[[ Supplied entries, beginning ]]
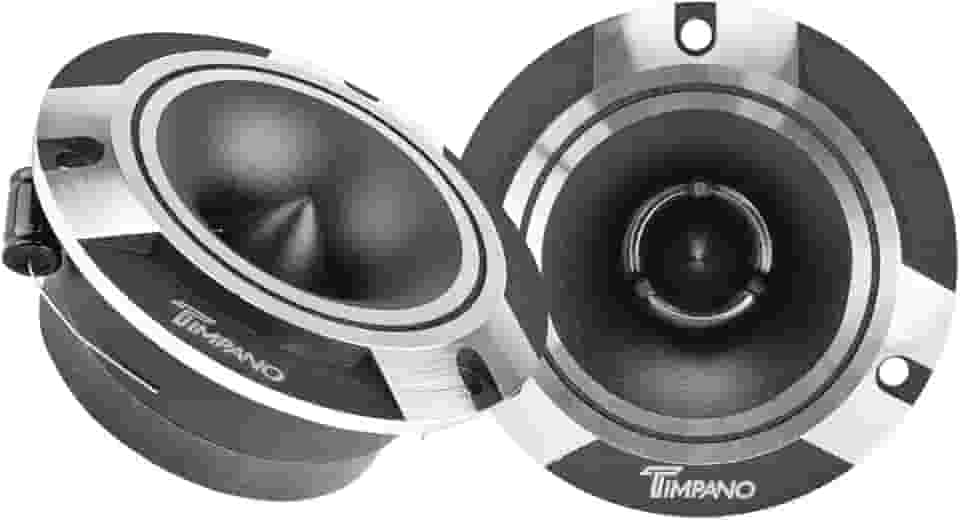 Timpano ST2 Chrome Slim Super Tweeter, 600 Watts 4 Ohm, 105 dB, 3.85" Cromado, Tweeters de Carro Profissional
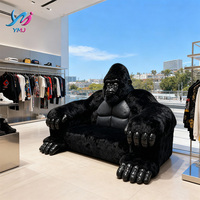 Canapé-lit d'angle King Kong Gorilla de designer nordique, grande forme animale, en éponge et similicuir écologique, moderne, pour hôtel et appartement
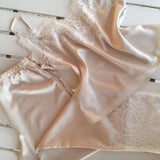 Champagne silk pajama pants and camisole set. Bridal getting ready outfit.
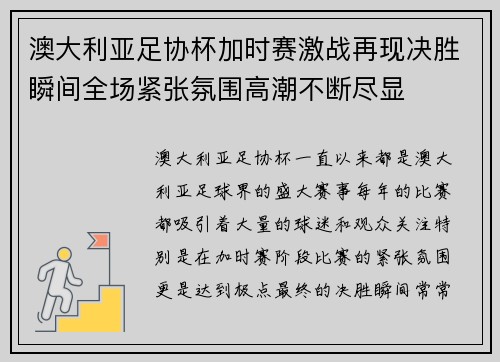 澳大利亚足协杯加时赛激战再现决胜瞬间全场紧张氛围高潮不断尽显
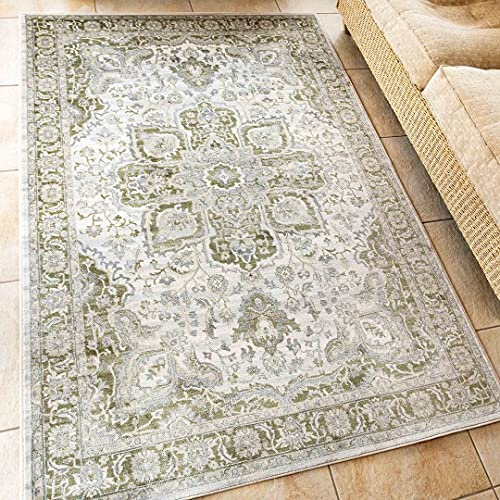 Traditional Antique Floral Medallion Sage Green Lounge Living Room Carpet Rug Classic Oriental Cream Moroccan Distressed Hallway Bedroom Kitchen Dining Room Floor Mat Area Rugs 160cm x 230cm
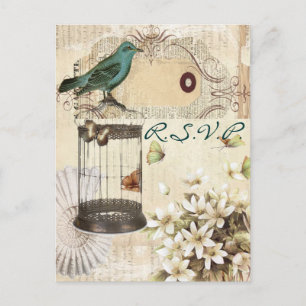 Invitation Carte Postale Réponse vintage du mariage botanique de cage à ois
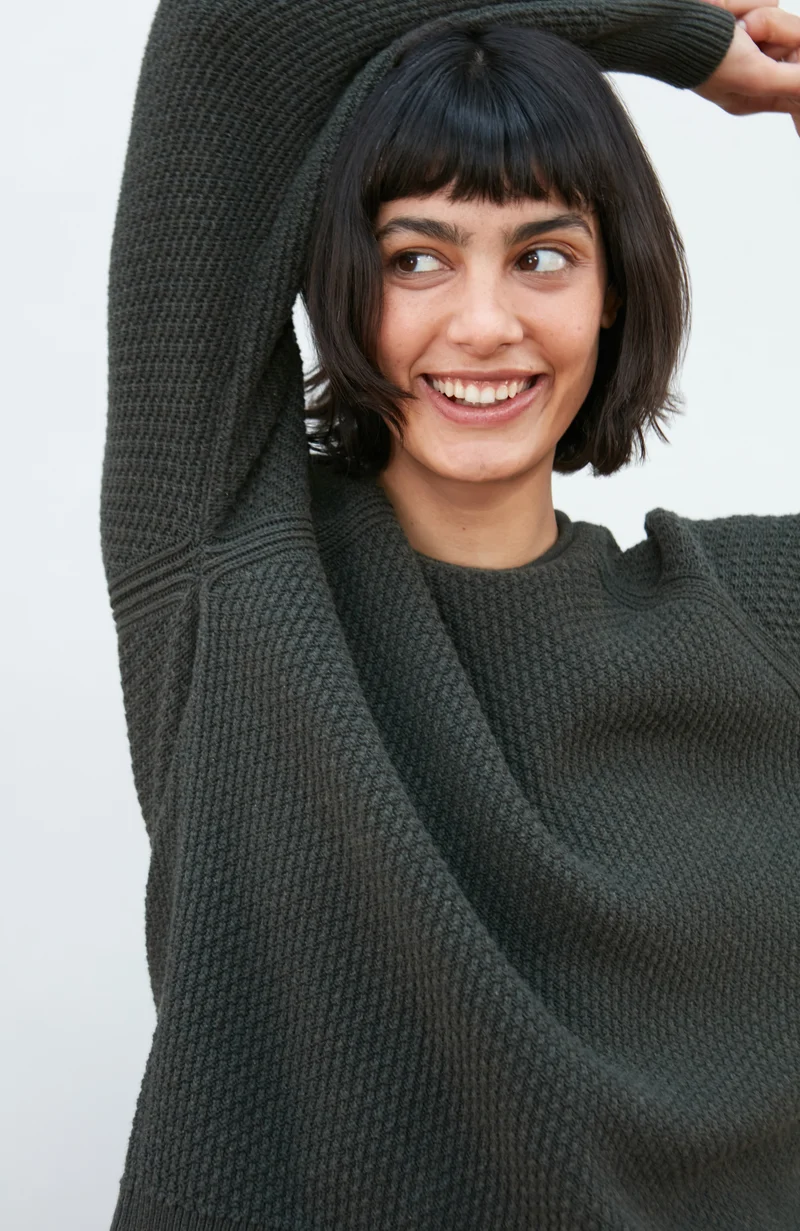 Womens Midweight Cotton Moss Stitch Jumper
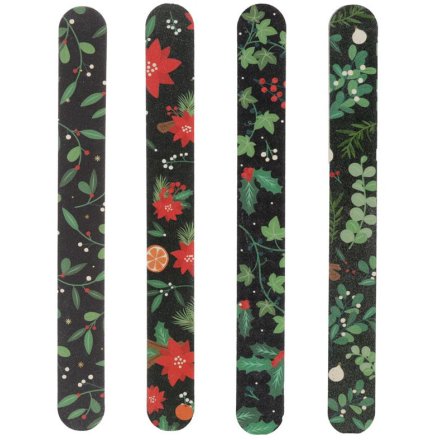 A mistletoe and winter berries nail file in 4 assorted designs. 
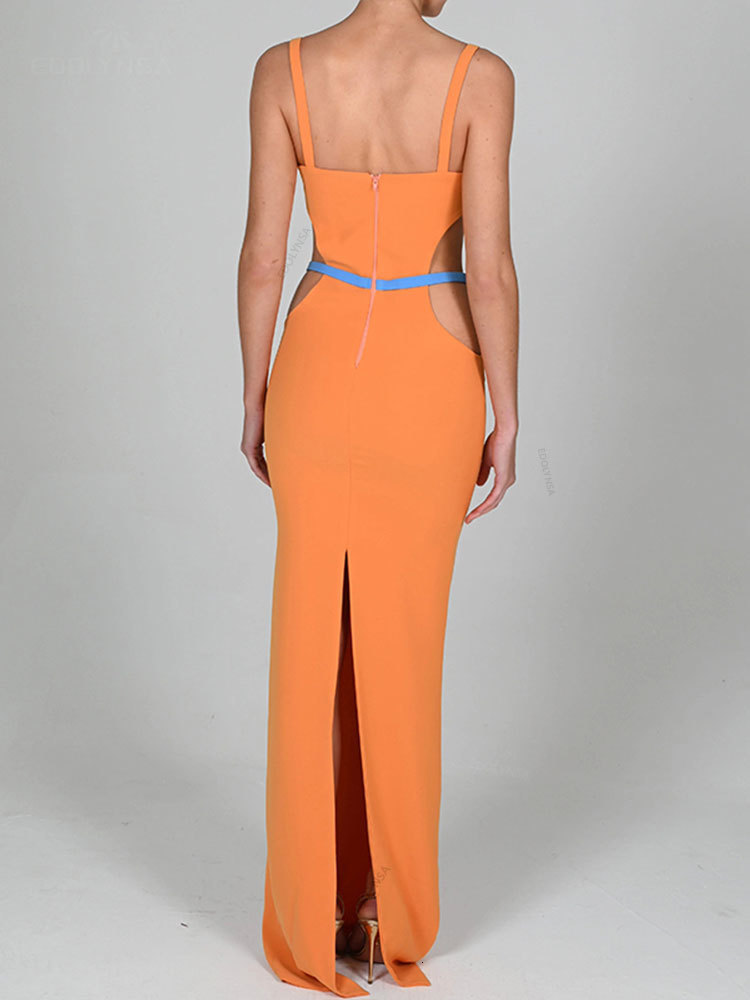 Basic Casual Dresses Sexy Shoulder Strap Beaded Contrasting Colors Low-cut Waistless Dress Summer Elegant Sleeveless Maxi Dresses A2166 230608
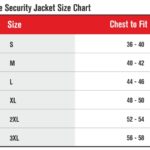 Security Jacket Size Chart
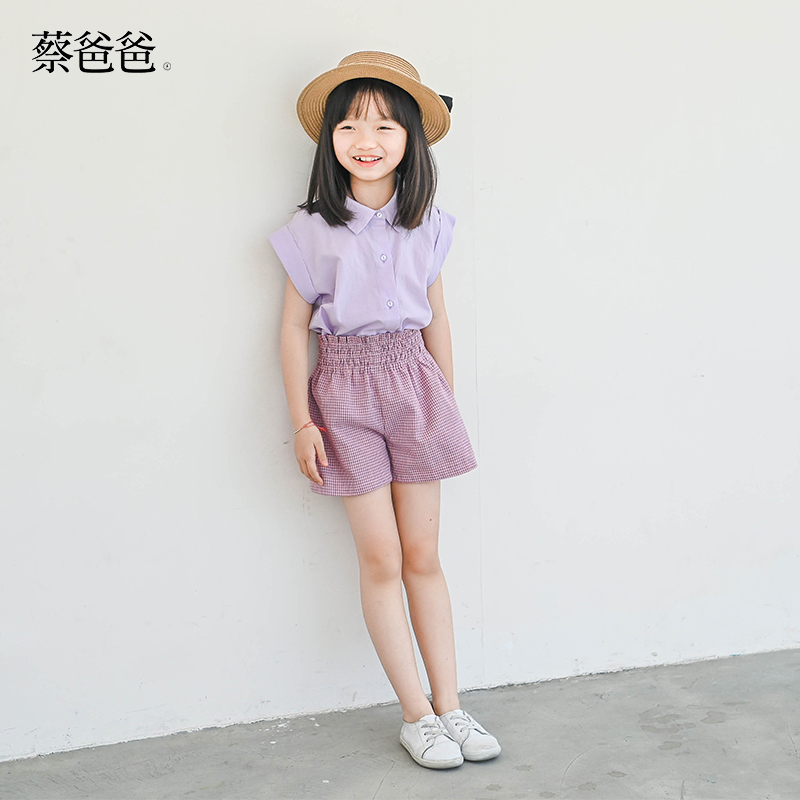 蔡爸爸纯棉女童衬衣夏装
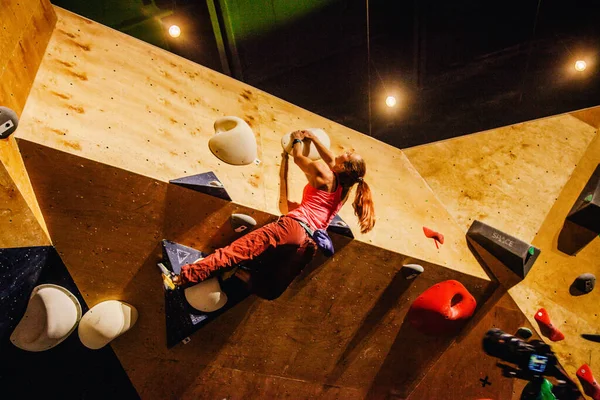 Ukraine Kiev 2022 Competitions Climbing Bouldering Climbing Gym Space High — Stock Photo, Image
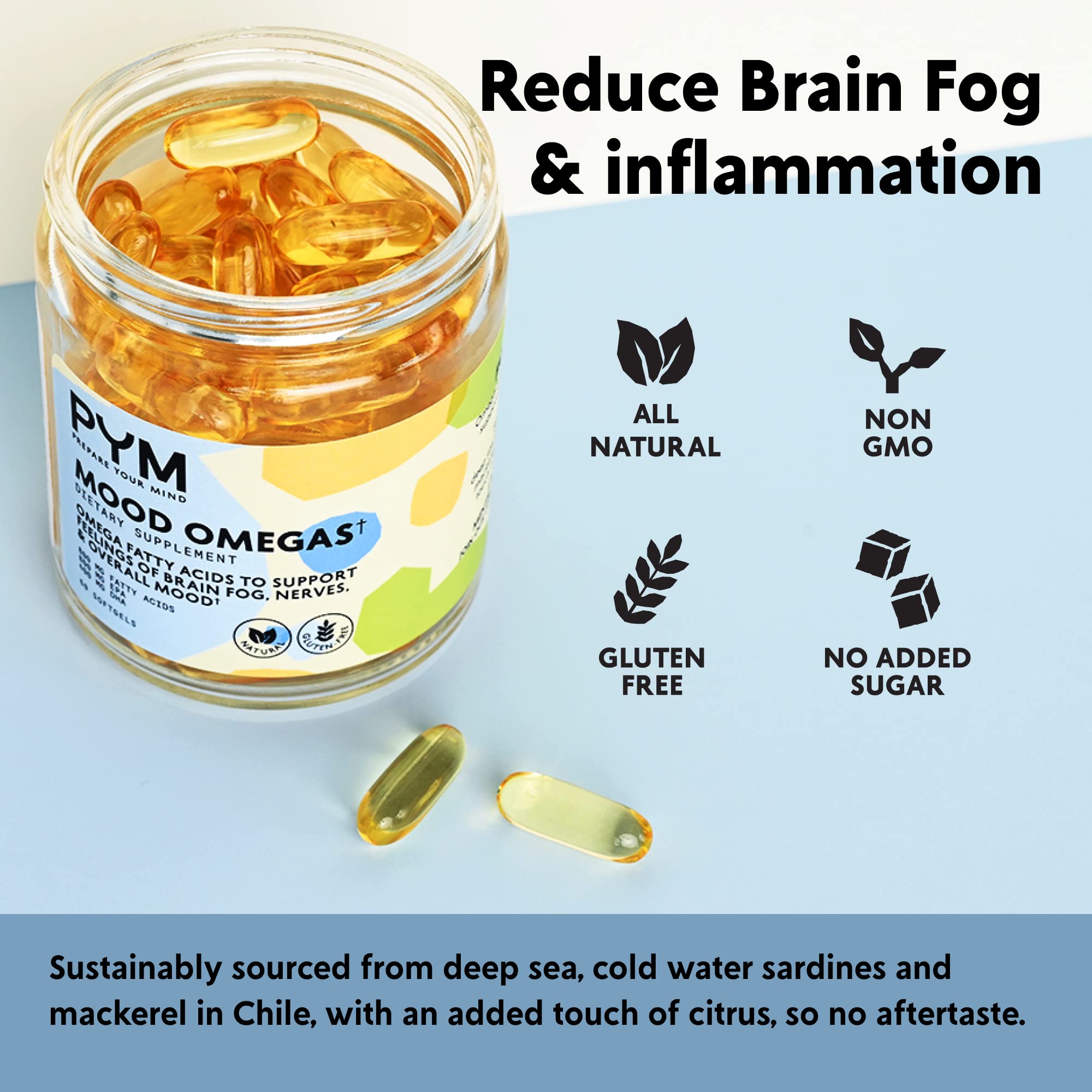 Close-up of Mood Omegas capsules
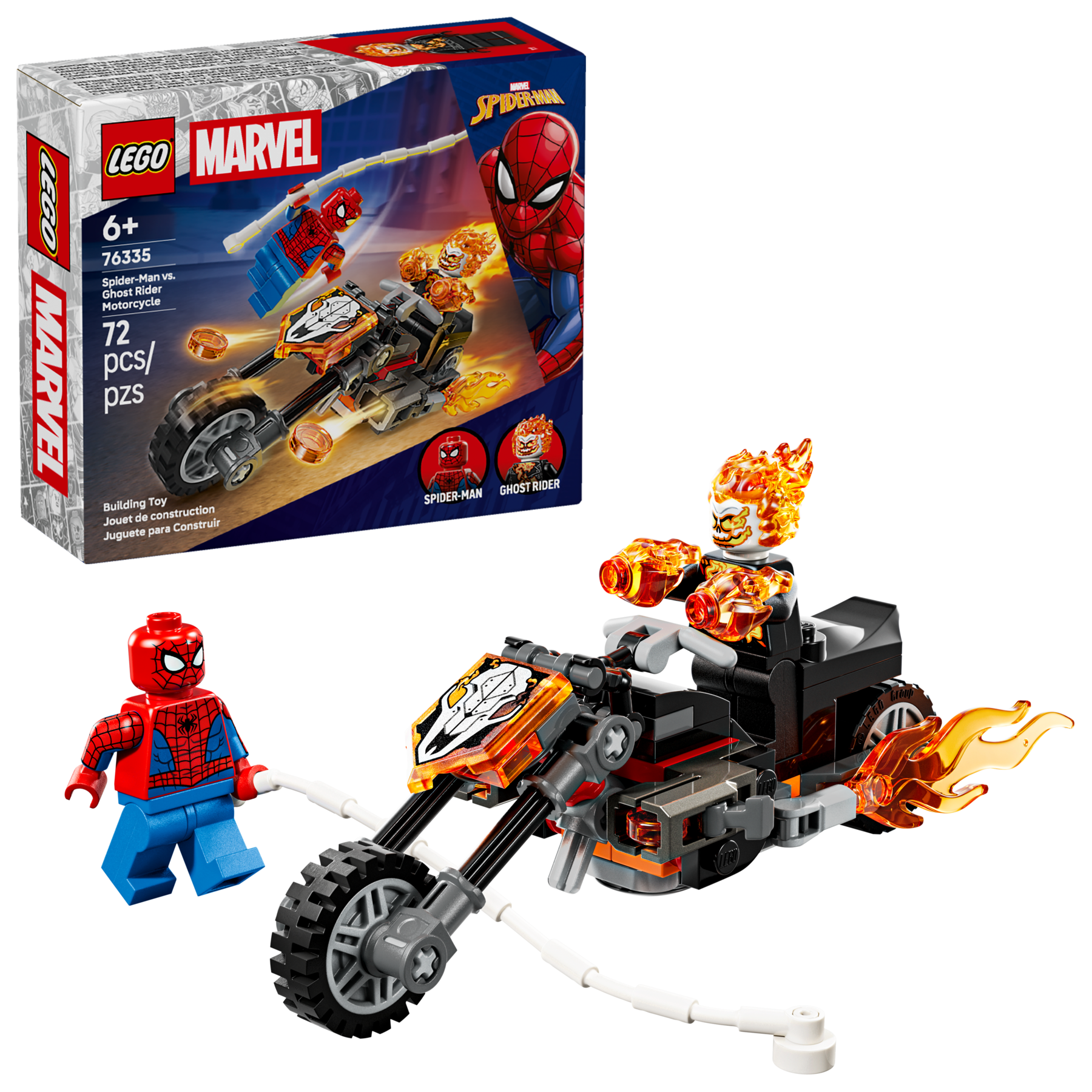 LEGO Marvel motorcycle building set 72 pieces (British brand)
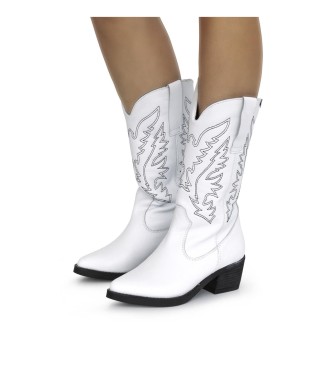 Mustang Casual leather boots TEO white -Heel height 5cm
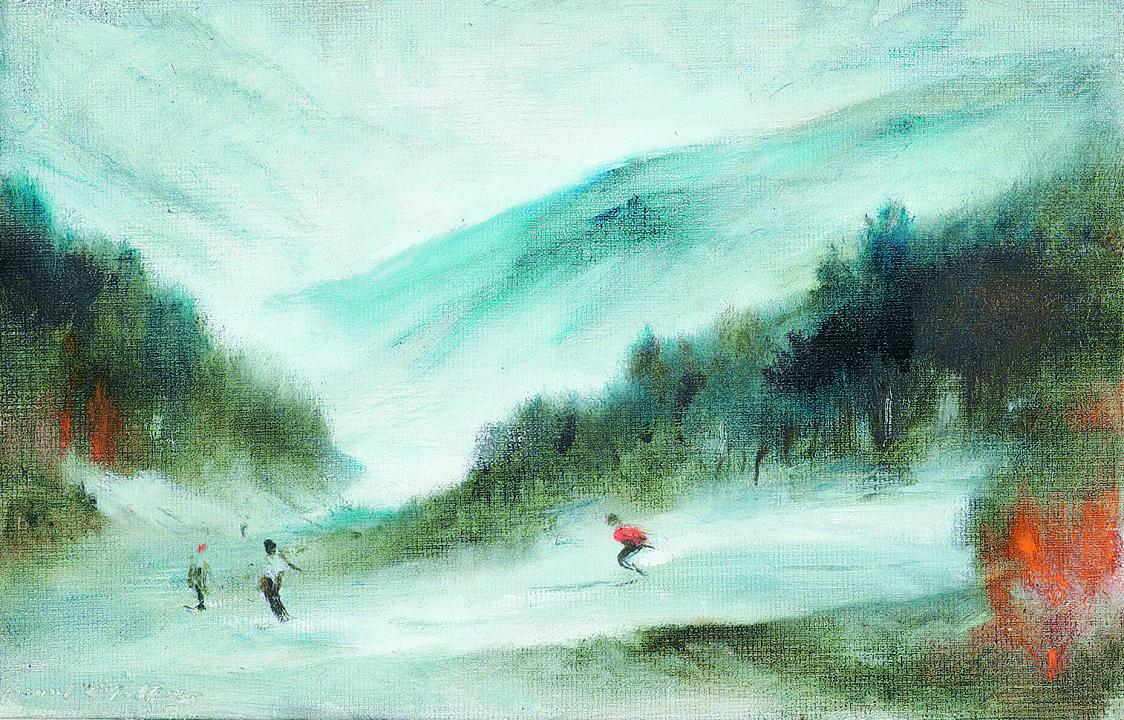Raoul Millais - Davos: Figures skiing in a valley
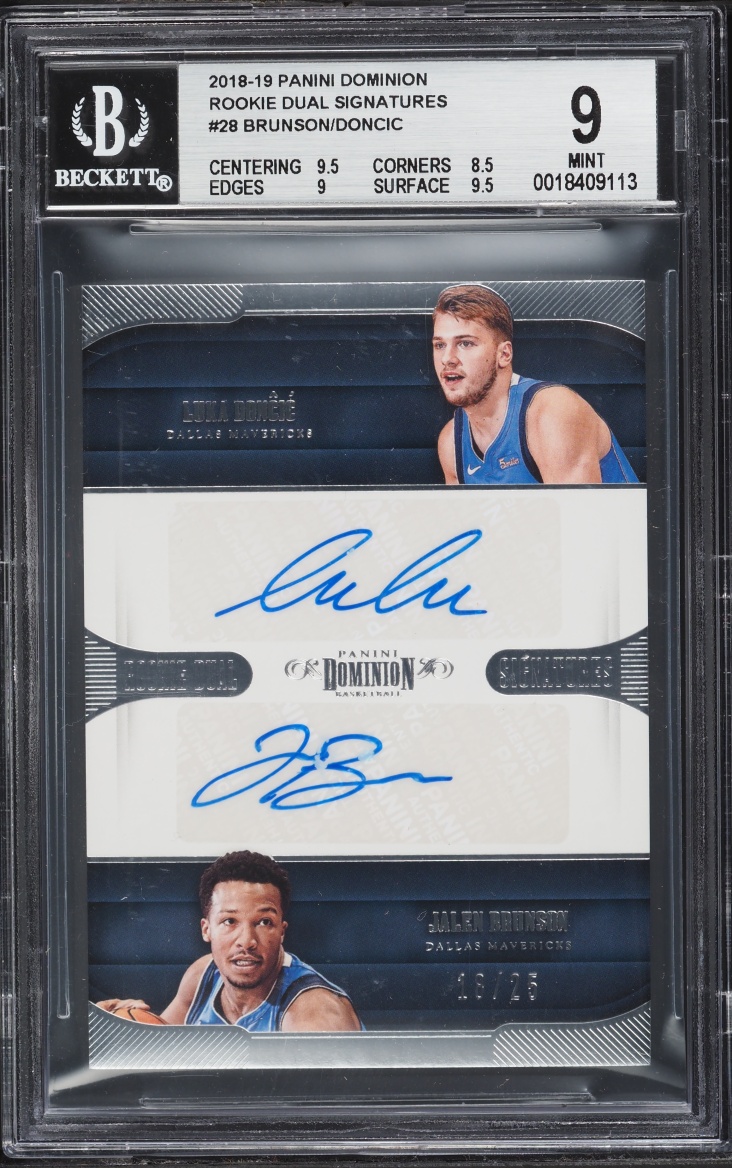 2018 Panini Dominion Dual Jalen Brunson & Luka Doncic ROOKIE AUTO /25 #RD-LJ BGS 9 MINT
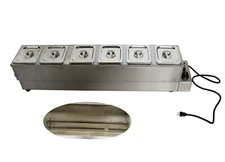 TECHTONGDA 110V 6*1/6 Pan Bain-Marie Buffet Food Warmer Stainless Steel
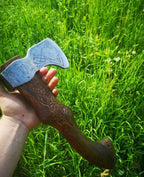 Engraved scandinavian axe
[[ Supplied entries, end ]]
**Work instruction**
The records above must be printed exactly, but the pictures they hold should be omitted.

**Solution**
 Timpano ST2 Chrome Slim Super Tweeter, 600 Watts 4 Ohm, 105 dB, 3.85" Cromado, Tweeters de Carro Profissional
 Canapé-lit d'angle King Kong Gorilla de designer nordique, grande forme animale, en éponge et similicuir écologique, moderne, pour hôtel et appartement
 Champagne silk pajama pants and camisole set. Bridal getting ready outfit.
 澳大利亚足协杯加时赛激战再现决胜瞬间全场紧张氛围高潮不断尽显
 Traditional Antique Floral Medallion Sage Green Lounge Living Room Carpet Rug Classic Oriental Cream Moroccan Distressed Hallway Bedroom Kitchen Dining Room Floor Mat Area Rugs 160cm x 230cm
 Invitation Carte Postale Réponse vintage du mariage botanique de cage à ois
 Womens Midweight Cotton Moss Stitch Jumper
 A mistletoe and winter berries nail file in 4 assorted designs. 
 Basic Casual Dresses Sexy Shoulder Strap Beaded Contrasting Colors Low-cut Waistless Dress Summer Elegant Sleeveless Maxi Dresses A2166 230608
 Security Jacket Size Chart
 蔡爸爸纯棉女童衬衣夏装
 Ukraine Kiev 2022 Competitions Climbing Bouldering Climbing Gym Space High — Stock Photo, Image
 Close-up of Mood Omegas capsules
 LEGO Marvel motorcycle building set 72 pieces (British brand)
 Mustang Casual leather boots TEO white -Heel height 5cm
Raoul Millais - Davos: Figures skiing in a valley
 2018 Panini Dominion Dual Jalen Brunson & Luka Doncic ROOKIE AUTO /25 #RD-LJ BGS 9 MINT
 TECHTONGDA 110V 6*1/6 Pan Bain-Marie Buffet Food Warmer Stainless Steel
 Engraved scandinavian axe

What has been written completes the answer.